Records supplied

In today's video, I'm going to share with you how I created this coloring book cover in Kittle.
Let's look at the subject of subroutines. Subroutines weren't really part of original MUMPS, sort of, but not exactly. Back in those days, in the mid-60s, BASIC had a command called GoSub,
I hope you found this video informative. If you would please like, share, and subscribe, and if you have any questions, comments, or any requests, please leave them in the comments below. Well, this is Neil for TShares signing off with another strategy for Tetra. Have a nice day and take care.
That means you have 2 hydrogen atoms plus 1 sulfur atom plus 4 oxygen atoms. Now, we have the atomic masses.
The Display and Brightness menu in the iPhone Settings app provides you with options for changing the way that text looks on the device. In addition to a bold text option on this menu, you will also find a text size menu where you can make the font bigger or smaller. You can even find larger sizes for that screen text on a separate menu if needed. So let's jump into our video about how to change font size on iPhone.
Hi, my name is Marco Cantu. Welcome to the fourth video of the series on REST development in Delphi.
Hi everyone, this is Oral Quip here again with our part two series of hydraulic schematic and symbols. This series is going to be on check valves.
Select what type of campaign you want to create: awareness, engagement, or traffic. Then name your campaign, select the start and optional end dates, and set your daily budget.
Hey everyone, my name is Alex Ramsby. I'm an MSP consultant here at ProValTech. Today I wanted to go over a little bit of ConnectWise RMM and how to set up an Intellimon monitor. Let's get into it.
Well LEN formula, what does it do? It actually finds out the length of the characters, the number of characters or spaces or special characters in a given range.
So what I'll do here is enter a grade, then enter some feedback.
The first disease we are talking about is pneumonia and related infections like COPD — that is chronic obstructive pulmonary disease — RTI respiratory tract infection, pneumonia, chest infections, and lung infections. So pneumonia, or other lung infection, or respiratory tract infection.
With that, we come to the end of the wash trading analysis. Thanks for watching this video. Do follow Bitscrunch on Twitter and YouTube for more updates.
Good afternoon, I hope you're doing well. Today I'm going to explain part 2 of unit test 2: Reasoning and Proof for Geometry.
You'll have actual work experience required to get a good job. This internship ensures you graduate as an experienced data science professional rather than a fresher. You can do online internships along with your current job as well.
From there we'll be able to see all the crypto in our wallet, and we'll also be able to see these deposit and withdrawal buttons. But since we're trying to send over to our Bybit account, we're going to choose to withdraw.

Instructions for the task
Using the entries above, return exactly the lines from the line with "That means you" to the line with "Good afternoon, I", counting both of those lines.

Answer area
That means you have 2 hydrogen atoms plus 1 sulfur atom plus 4 oxygen atoms. Now, we have the atomic masses.
The Display and Brightness menu in the iPhone Settings app provides you with options for changing the way that text looks on the device. In addition to a bold text option on this menu, you will also find a text size menu where you can make the font bigger or smaller. You can even find larger sizes for that screen text on a separate menu if needed. So let's jump into our video about how to change font size on iPhone.
Hi, my name is Marco Cantu. Welcome to the fourth video of the series on REST development in Delphi.
Hi everyone, this is Oral Quip here again with our part two series of hydraulic schematic and symbols. This series is going to be on check valves.
Select what type of campaign you want to create: awareness, engagement, or traffic. Then name your campaign, select the start and optional end dates, and set your daily budget.
Hey everyone, my name is Alex Ramsby. I'm an MSP consultant here at ProValTech. Today I wanted to go over a little bit of ConnectWise RMM and how to set up an Intellimon monitor. Let's get into it.
Well LEN formula, what does it do? It actually finds out the length of the characters, the number of characters or spaces or special characters in a given range.
So what I'll do here is enter a grade, then enter some feedback.
The first disease we are talking about is pneumonia and related infections like COPD — that is chronic obstructive pulmonary disease — RTI respiratory tract infection, pneumonia, chest infections, and lung infections. So pneumonia, or other lung infection, or respiratory tract infection.
With that, we come to the end of the wash trading analysis. Thanks for watching this video. Do follow Bitscrunch on Twitter and YouTube for more updates.
Good afternoon, I hope you're doing well. Today I'm going to explain part 2 of unit test 2: Reasoning and Proof for Geometry.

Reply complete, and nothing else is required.